Your reply should reproduce the data below without a single alteration, apart from dropping the images.

BEGIN Source material

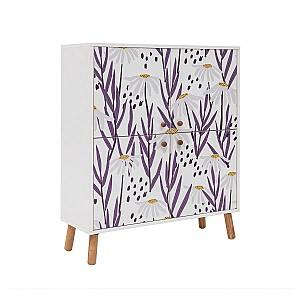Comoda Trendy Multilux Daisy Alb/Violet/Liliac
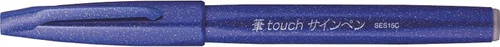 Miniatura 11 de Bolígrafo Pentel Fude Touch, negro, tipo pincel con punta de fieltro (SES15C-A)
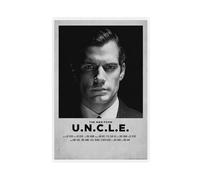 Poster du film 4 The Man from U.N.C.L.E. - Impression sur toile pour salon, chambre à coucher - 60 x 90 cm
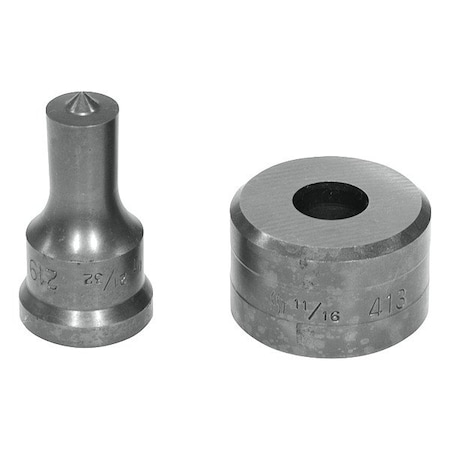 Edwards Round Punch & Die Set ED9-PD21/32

END Source material

[Answer for this exercise]
Comoda Trendy Multilux Daisy Alb/Violet/Liliac
 Miniatura 11 de Bolígrafo Pentel Fude Touch, negro, tipo pincel con punta de fieltro (SES15C-A)
 Poster du film 4 The Man from U.N.C.L.E. - Impression sur toile pour salon, chambre à coucher - 60 x 90 cm
 Edwards Round Punch & Die Set ED9-PD21/32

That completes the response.